By Dean Nelson in New Delhi
Published: 5:53PM BST 07 Aug 2009
The ruling, by one of the country's senior judges, has provoked a wave of anxiety throughout India's secular establishment which has until now been content to let its 150 million Muslims live according to its own system of "personal law".
While bigamy has also been practiced by Hindus, it is more common among Muslims who believed they are justified in taking upto four wives.
The practice has been widely criticised in a number of court judgments as "cruel", while one judge said there was no difference between a "second wife and a concubine". Justice A.R Lakshmanan, the law commission chairman, and two other panelists, said: "Traditional understanding of Muslim law on bigamy is gravely faulty and conflicts with true Islamic law in letter and spirit."
"It is generally believed that under Muslim law, a husband has an unfettered right to marry again even where his earlier marriage is continuing. "On a closer examination of the relevant provisions of the Koran and other sources of Islamic law, this does not seem to be true," the report said.
They said they had submitted their report to the government but stopped short of recommending legal reform because they feared it would cause an "unhealthy controversy" among religious leaders who opposed change.

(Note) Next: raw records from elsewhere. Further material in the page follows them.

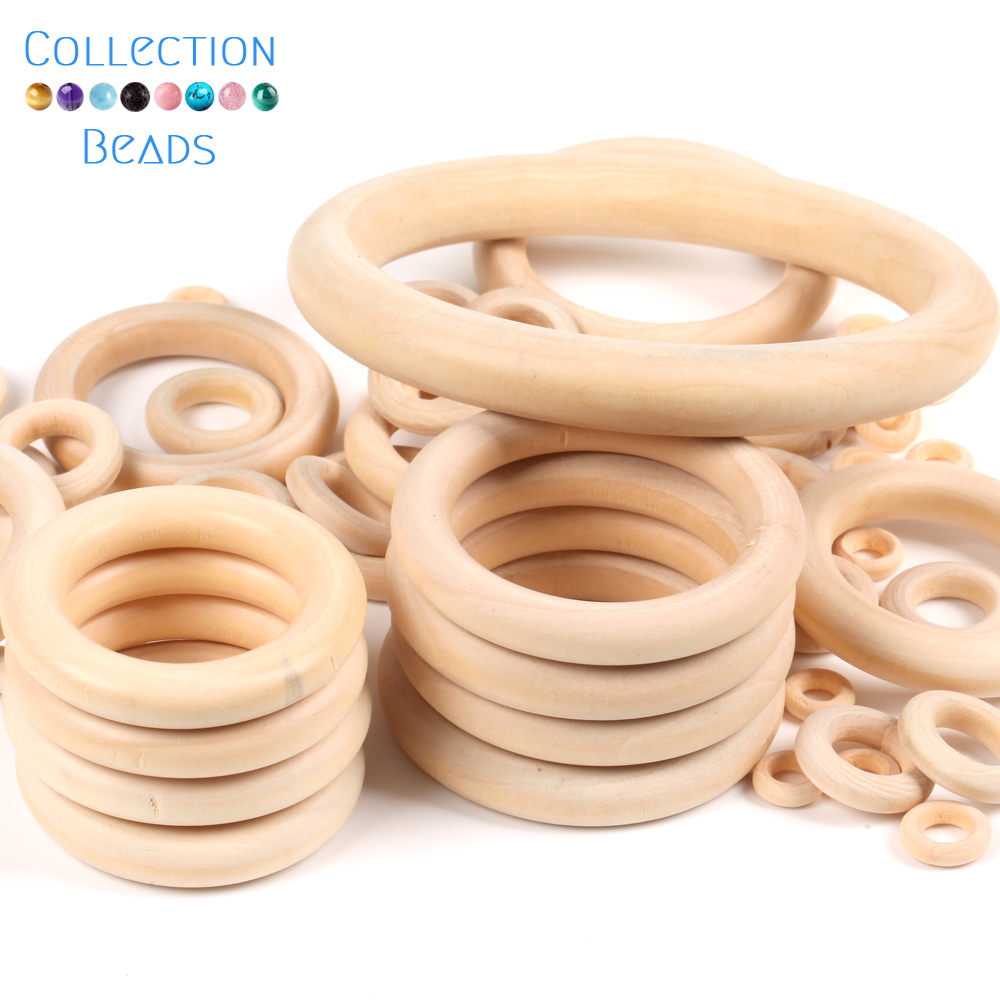 12.5-125mm Natural Wood Circle - Wood Ring Blank ulasan dan harga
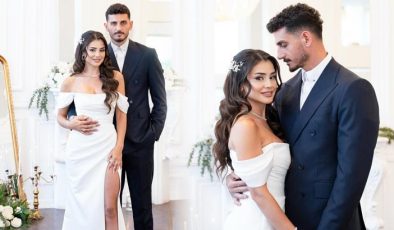 Hazal Çağlar ve Samet Akaydın düğün için gün sayıyor! İşte kına gecesinden kareler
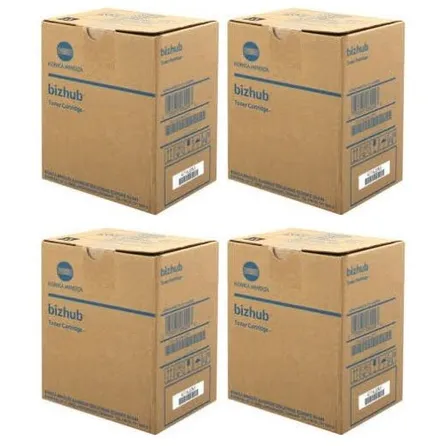 Konica Minolta TNP-80 4-Colour Toner Cartridge Multipack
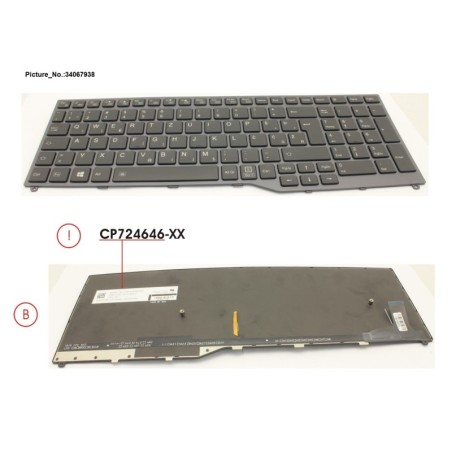 34067938 - KEYBOARD 10KEY BLACK W. BL EAST EURO
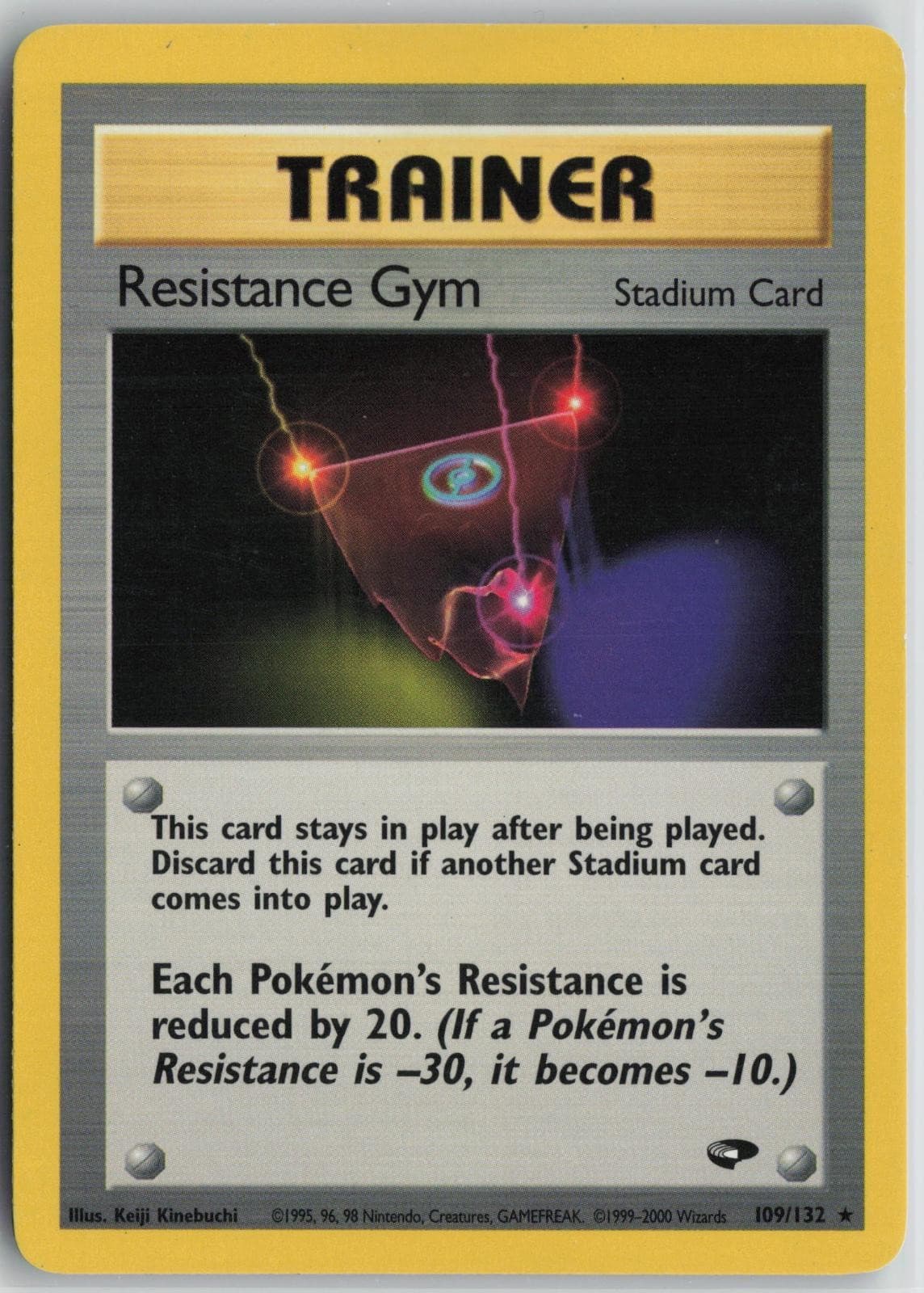 Resistance Gym 109/132 Rare Gym Challenge Pokemon Unlimited Lightly Played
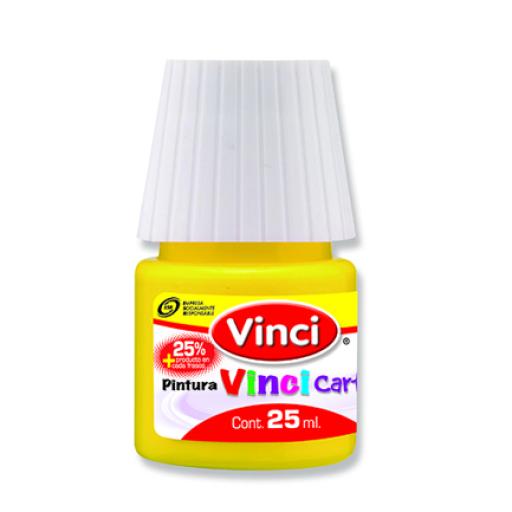 [DIXON_2300] Dixon Pintura Cartel Vinci 25 ml Amarillo Limón #50 Caja c/10 piezas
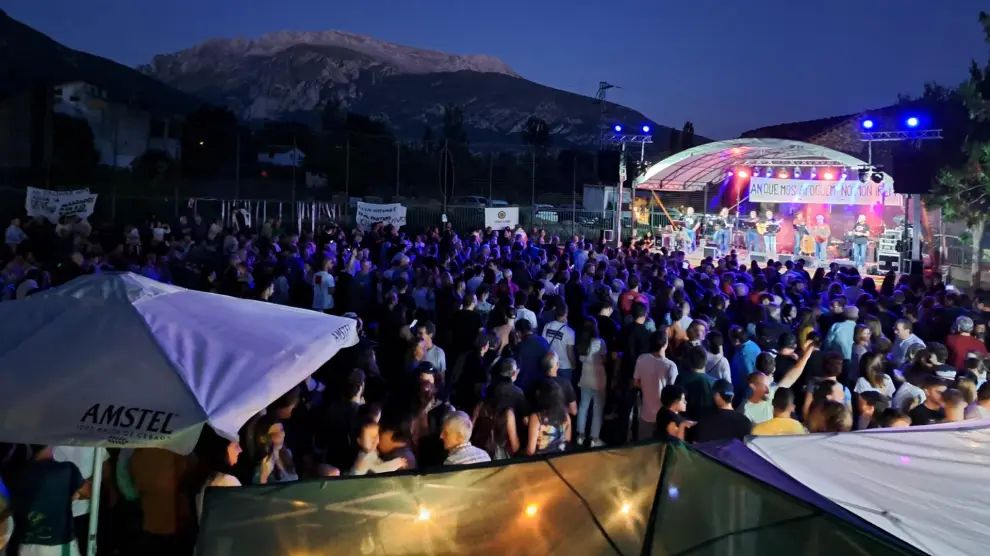 El festival reunió a un millar de personas en Campo, en la comarca de la Ribagorza.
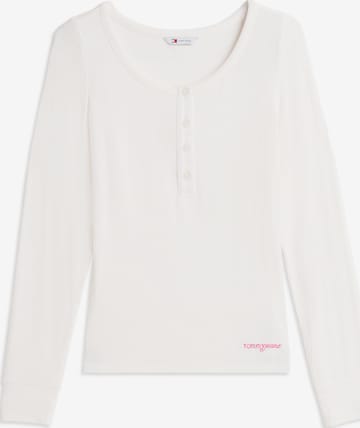 Tricou de la Tommy Jeans pe alb: față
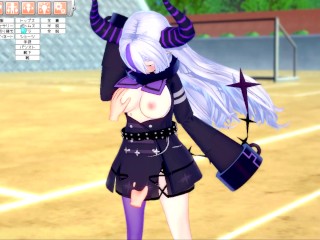 【エロゲーコイカツ！】VTuber ラプラス・ダークネス3DCG巨乳アニメ動画(バーチャルYoutuber)[Hentai Game Koikatsu! Laplus Darknesss (Anime
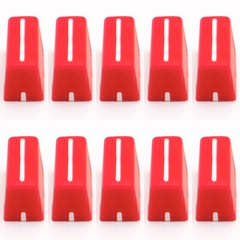 10pcs Fader Knob Cap For Pioneer DDJ-SX SZ Rane 61 62 64 68 Denon Numark-Red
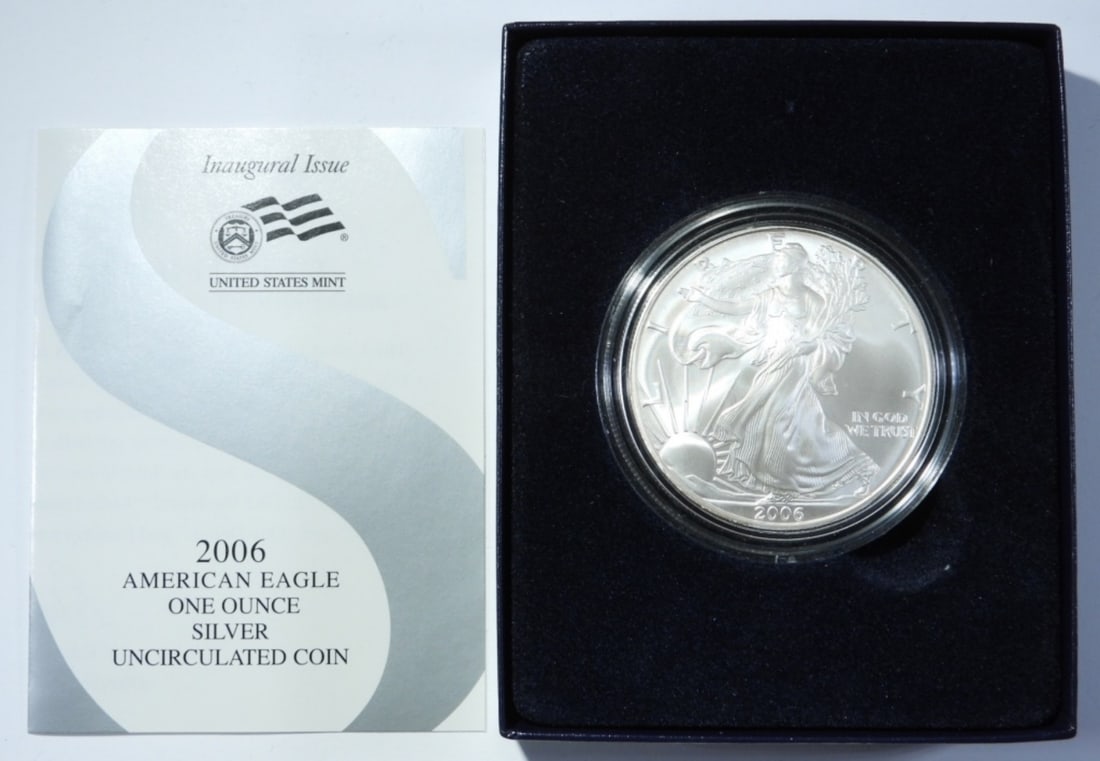 2006-W UNC AMERICAN SILVER EAGLE (1 of 4)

Their concerns were born out by Muslim scholars, who said Islam provided for polygamy on the condition that the man is able to care for each wife financially and honour her physically. "Polygamy is not mandatory in Islam but there is a provision for taking more than one wife. This provision is bound by pre-conditions that the man has to do justice to all his legal wives both physically as well as economically," said Professor Akhtarul Wasey, Head of Islamic Studies at Delhi's Jamia Millia Islamia University.